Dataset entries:
*-*-*

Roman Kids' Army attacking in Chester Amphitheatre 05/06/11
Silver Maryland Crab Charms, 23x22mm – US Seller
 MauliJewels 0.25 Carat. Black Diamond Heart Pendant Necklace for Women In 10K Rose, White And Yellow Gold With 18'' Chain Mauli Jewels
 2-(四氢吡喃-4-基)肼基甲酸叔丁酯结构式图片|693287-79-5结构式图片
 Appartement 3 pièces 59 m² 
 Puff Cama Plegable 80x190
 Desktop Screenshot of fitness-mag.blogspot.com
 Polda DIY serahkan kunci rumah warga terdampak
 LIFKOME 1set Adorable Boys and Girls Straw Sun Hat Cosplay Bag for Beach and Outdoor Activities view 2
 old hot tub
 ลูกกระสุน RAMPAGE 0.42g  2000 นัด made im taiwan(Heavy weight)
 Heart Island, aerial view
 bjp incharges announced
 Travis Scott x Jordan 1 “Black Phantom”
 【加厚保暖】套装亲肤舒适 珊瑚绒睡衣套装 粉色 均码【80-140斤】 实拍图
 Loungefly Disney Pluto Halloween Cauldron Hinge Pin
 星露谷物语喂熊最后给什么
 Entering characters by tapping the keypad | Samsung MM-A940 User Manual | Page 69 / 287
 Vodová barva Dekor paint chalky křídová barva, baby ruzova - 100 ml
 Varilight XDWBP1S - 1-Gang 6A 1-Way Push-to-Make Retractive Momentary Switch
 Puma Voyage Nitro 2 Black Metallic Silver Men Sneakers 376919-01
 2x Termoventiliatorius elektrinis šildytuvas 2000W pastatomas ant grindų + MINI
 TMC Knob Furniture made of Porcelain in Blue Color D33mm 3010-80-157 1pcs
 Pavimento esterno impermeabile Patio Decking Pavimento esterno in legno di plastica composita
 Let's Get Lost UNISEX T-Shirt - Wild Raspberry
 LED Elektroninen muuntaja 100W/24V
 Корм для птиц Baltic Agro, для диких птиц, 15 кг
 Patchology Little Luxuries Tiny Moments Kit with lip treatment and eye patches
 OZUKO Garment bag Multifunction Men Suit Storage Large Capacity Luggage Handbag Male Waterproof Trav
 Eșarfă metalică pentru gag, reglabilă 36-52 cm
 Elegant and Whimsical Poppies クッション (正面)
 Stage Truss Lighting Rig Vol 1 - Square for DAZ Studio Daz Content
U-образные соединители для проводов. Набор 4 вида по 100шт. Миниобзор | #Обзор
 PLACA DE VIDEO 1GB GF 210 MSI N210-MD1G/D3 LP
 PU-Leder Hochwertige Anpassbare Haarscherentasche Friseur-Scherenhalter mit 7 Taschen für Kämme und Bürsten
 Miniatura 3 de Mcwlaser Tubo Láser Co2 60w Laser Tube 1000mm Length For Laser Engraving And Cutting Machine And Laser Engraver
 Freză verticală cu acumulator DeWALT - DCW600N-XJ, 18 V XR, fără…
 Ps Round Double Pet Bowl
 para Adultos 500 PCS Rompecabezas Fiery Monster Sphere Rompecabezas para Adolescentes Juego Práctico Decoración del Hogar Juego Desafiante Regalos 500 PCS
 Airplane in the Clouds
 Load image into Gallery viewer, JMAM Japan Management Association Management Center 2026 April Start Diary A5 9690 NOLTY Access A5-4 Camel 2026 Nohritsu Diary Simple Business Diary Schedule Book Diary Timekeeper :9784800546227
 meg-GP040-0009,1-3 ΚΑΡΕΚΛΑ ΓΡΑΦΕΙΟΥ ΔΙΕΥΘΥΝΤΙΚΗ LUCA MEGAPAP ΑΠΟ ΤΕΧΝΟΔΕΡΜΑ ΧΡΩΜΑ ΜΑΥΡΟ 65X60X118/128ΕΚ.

*-*-*

Task item: Filter the entries by the string "Silver" and copy each matching line.

Written reply:
Silver Maryland Crab Charms, 23x22mm – US Seller
 Puma Voyage Nitro 2 Black Metallic Silver Men Sneakers 376919-01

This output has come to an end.